Sleep and the Gut: A 2-way Relationship
Poor sleep disrupts digestion by:
- Altering gut motility (often leading to constipation or diarrhoea)
- Increasing gut inflammation
- Disrupting hunger hormones
- Worsening reflux and bloating
At the same time, digestive discomfort can interfere with sleep, creating a frustrating cycle.

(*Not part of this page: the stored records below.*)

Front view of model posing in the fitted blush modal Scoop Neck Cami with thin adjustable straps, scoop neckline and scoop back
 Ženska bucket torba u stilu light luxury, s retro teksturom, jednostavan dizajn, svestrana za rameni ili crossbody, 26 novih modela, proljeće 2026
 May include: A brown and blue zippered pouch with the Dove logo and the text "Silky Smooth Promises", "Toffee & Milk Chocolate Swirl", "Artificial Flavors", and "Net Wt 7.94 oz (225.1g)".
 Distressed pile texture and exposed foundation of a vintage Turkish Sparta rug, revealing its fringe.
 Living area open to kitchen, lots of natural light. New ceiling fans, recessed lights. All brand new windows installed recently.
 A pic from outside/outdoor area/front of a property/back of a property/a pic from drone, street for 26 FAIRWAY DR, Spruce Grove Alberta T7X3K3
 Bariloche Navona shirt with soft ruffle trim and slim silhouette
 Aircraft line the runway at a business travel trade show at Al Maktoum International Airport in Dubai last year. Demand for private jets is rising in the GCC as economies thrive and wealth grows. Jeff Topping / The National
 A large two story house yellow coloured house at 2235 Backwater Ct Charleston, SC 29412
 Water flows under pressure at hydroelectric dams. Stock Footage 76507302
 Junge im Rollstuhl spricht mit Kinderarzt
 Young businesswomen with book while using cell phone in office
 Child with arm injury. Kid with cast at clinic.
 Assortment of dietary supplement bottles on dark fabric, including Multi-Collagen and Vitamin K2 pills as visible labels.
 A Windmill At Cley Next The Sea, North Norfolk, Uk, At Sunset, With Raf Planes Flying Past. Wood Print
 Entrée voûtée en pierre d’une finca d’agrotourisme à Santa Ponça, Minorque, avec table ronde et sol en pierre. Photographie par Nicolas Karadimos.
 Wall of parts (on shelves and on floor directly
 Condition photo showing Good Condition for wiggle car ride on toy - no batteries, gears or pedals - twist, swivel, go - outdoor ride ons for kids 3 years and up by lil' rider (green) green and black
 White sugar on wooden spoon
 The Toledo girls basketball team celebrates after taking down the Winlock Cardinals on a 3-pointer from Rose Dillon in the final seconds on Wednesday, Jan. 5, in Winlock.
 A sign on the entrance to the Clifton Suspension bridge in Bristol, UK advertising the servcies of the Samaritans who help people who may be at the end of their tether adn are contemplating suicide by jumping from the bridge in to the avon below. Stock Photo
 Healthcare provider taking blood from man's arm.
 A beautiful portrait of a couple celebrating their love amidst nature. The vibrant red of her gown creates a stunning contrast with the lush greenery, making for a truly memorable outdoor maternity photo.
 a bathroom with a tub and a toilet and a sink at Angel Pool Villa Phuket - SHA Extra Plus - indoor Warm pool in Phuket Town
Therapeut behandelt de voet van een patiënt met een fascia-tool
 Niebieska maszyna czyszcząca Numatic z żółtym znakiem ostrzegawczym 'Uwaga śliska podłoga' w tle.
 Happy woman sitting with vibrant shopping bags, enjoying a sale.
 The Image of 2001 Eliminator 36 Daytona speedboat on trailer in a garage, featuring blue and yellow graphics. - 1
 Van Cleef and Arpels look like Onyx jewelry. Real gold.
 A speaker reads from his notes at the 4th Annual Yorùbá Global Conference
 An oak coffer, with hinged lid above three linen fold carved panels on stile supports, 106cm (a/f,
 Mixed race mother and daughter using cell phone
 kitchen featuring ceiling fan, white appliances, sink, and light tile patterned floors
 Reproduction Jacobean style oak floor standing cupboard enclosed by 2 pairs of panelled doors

How Sleep Affects Overall Health
Consistently poor sleep is linked to:
- Increased inflammation
- Blood sugar dysregulation
- Weakened immune function
- Mood changes and anxiety
- Increased cravings for sugar and caffeine
Sleep is when your body repairs, detoxifies and rebalances
Nutrition Tips for Better Sleep
- Eat balanced dinners. Include protein and complex carbohydrates to support serotonin and melatonin production
- Limit caffeine after 2-3pm. Even if you ‘feel fine’ it can affect sleep quality and depth
- Magnesium rich foods. Leafy greens, nuts & seeds and cacao may support relaxation
Top Sleep-Supporting Habits
- Consistent bedtimes (even on weekends!)
- Tablets / phones etc switched off 60 minutes before bed
- Dim lights after sunset
- Gentle movement during the day
- Cool dark sleeping envirnoment
Try creating a 10 minute wind down ritual every night. Include a herbal tea, some light stretching, breathing or even journaling. Consistency matters more than perfection.
Sleep is not something to ‘catch up on’. It is a daily requirement for digestive health, hormones and resilience. When sleep improves, everything else becomes easier.